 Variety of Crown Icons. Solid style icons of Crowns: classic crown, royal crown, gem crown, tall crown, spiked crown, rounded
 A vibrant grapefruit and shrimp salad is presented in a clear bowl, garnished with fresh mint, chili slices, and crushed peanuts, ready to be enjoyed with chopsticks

============

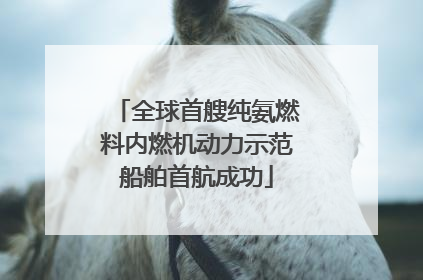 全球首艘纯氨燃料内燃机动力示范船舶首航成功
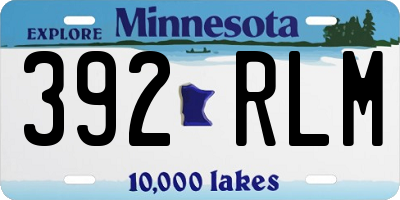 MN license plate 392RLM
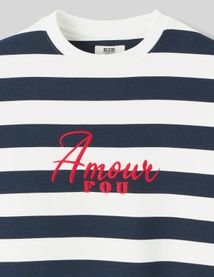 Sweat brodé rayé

============

Brief: Starting at the line with "Variety of Crown" and ending at the line with "A vibrant grapefruit", print each line of the listing above exactly, with no other lines.

Solution to this problem:
 Variety of Crown Icons. Solid style icons of Crowns: classic crown, royal crown, gem crown, tall crown, spiked crown, rounded
 A vibrant grapefruit and shrimp salad is presented in a clear bowl, garnished with fresh mint, chili slices, and crushed peanuts, ready to be enjoyed with chopsticks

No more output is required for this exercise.